The Pakistan Army elite has sounded the warning bell for the beleaguered Nawaz Sharif government.

The Pakistan Army elite has sounded the warning bell for the beleaguered Nawaz Sharif government. At the Corps Commanders meeting on Friday, the animosity towards the Prime Minister and his team was evident.

The terse statement that came out made it clear that the powerful “corner-plot-walas” blame the PMO for the leak to Dawn. They said that the article is a breach of national security and termed Cyril Almeida’s information as “false and fabricated.”

However, they did not clarify why a false and fabricated story could endanger national security.

The Army gave the Sharif government five days to find out the source that “fed” the information to Almeida about the crucial October 3rd meeting.

Almeida’s report had minute details and it was later backed by the editor of Dawn who said that the facts were checked and rechecked.
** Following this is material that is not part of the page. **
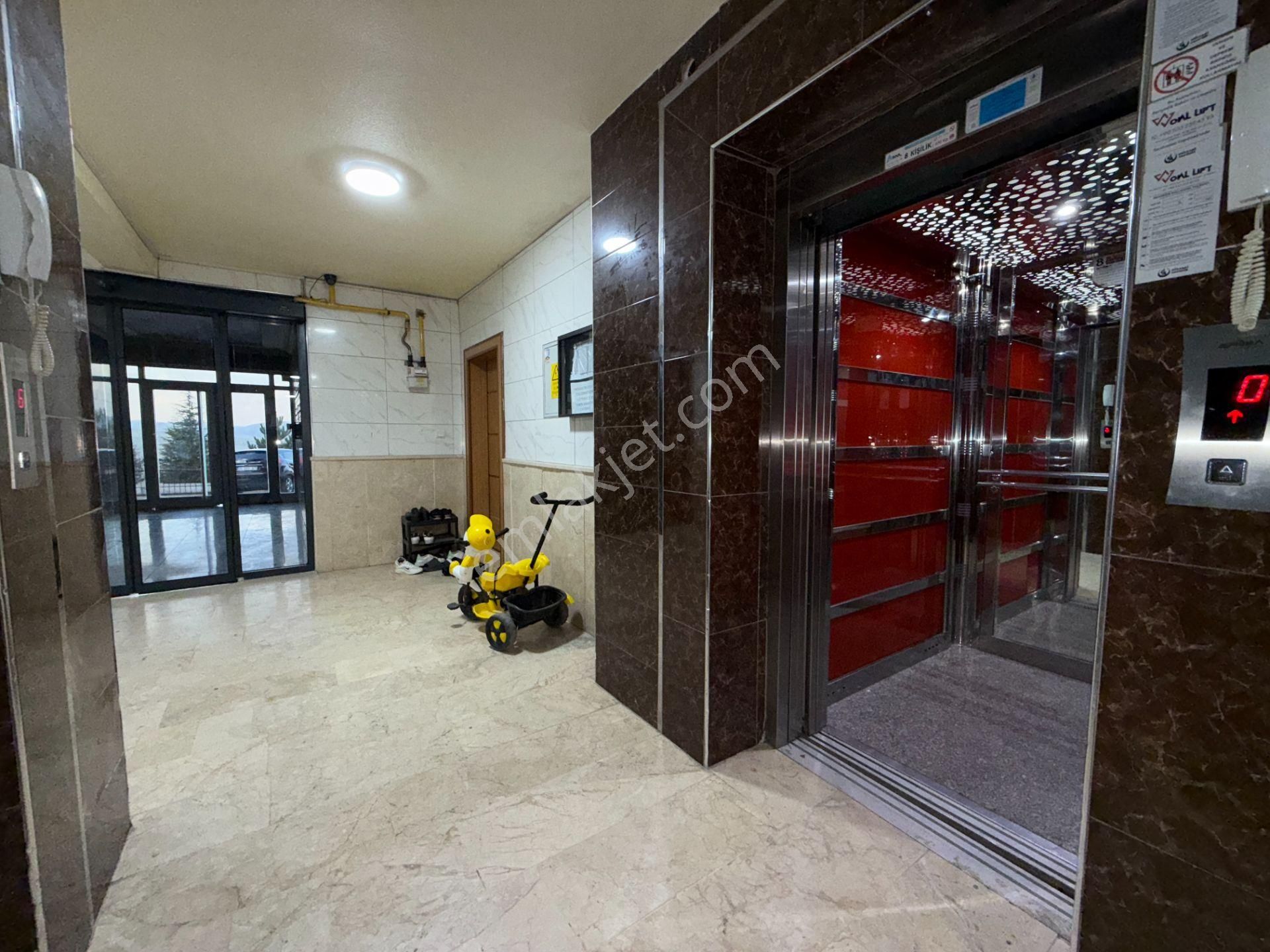Ufuk Kılıç Emlak'tan Protokol Yolu Yakını Site İçerisinde 3+1 Ful Yapılı Daire - Görsel 33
During the five days that the Sharif government had to come up with a plausible explanation, the PMO bungled by first putting Almeida on the Exit Control List and then withdrawing it.

It fielded interior minister Chaudhury Nisar to awkwardly explain its stand.

Meanwhile, almost the entire international public opinion favoured Almeida and press freedom.

Whoever planted the information on Dawn wanted it to appear that Nawaz Sharif and his brother Shahbaz Sharif, the chief minister of Punjab province, were knights in shining armour wanting to put terrorists behind bars but it was the Army that was preventing it.

As one journalist on a TV show said, “Inki capacity Chotu gang ko pakadne kii hai nahi, yeh kahaan sey Jaish ko pakdenge Gullu Butt they couldn’t catch who had one gun, they had to call the army.” The reference is to small time gangsters, who are unafraid of the civilian governments in Pakistan.

The insinuation was that it was preposterous suggestion in the Almeida report that Shahbaz Sharif had the gumption to have said what he did about the Army protecting terrorists who Nawaz and Shahbaz wanted to crackdown on.

But TV commentators in Pakistan are now deducing that what actually happened was that after the success of Zarb-e-Azb, the military offensive against the Taliban in North Waziristan, and similar crackdown in Sindh, the army was keen to move into the Punjab province.